Data section |
····················
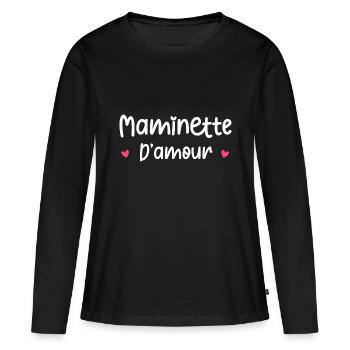 Maminette d'amour - T-shirt manches longues Premium bio Femme - noir - Devant - Julia (174cm)
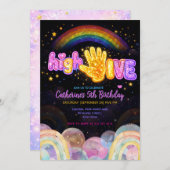 Neon Glow Sparkle High Five Birthday Party 招待状 (正面/裏面)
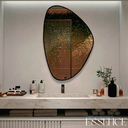 Ver imagem 4 de Espelho Orgânico Essence 60x40cm Moldura Couro Ecológico Decorativo Banheiro Sala:Preto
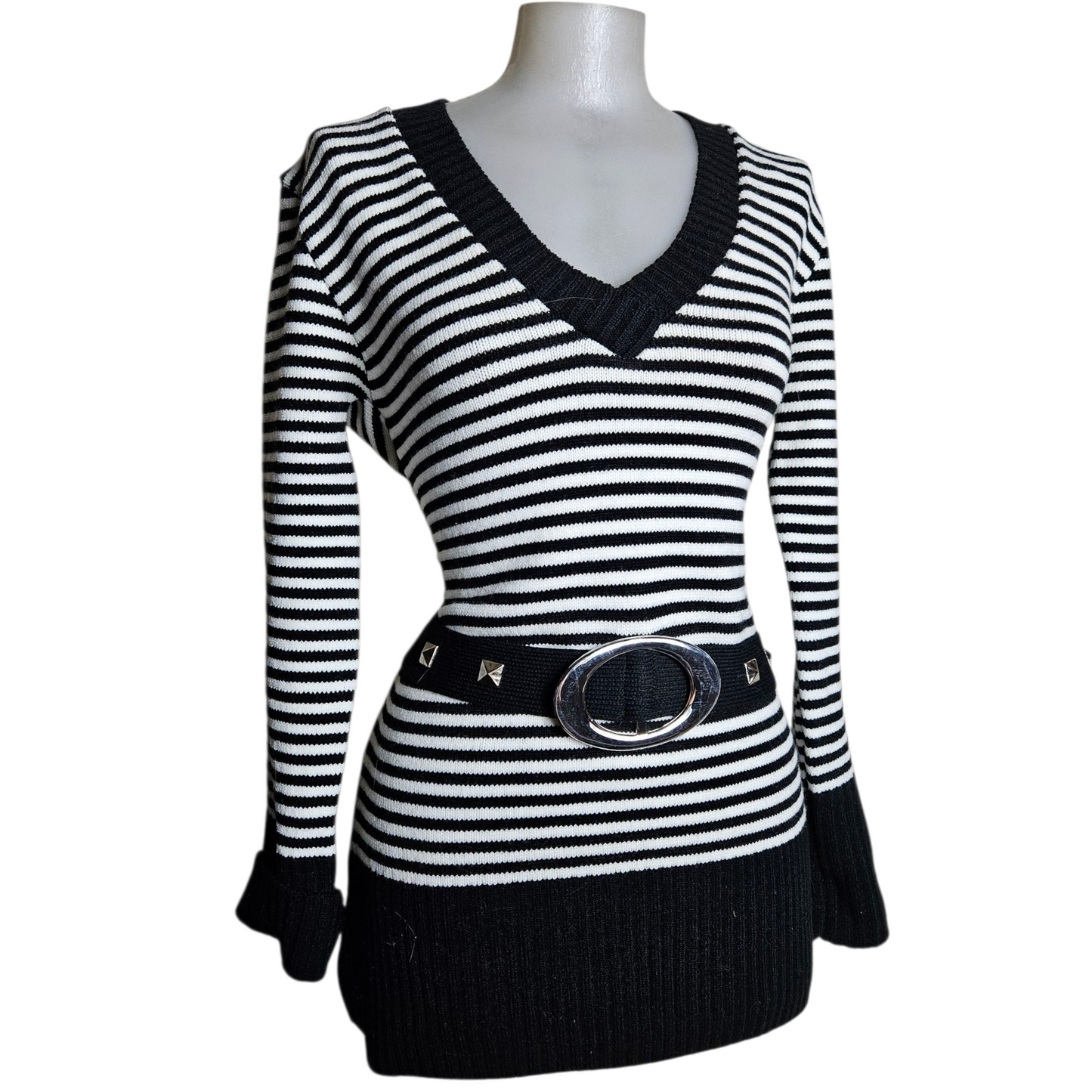 Striped buckle sweater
····················
Task directions | Wherever a picture appears in the data, please drop it and retype the rest exactly.

Answer |
 Maminette d'amour - T-shirt manches longues Premium bio Femme - noir - Devant - Julia (174cm)
 Neon Glow Sparkle High Five Birthday Party 招待状 (正面/裏面)
 Ver imagem 4 de Espelho Orgânico Essence 60x40cm Moldura Couro Ecológico Decorativo Banheiro Sala:Preto
 Striped buckle sweater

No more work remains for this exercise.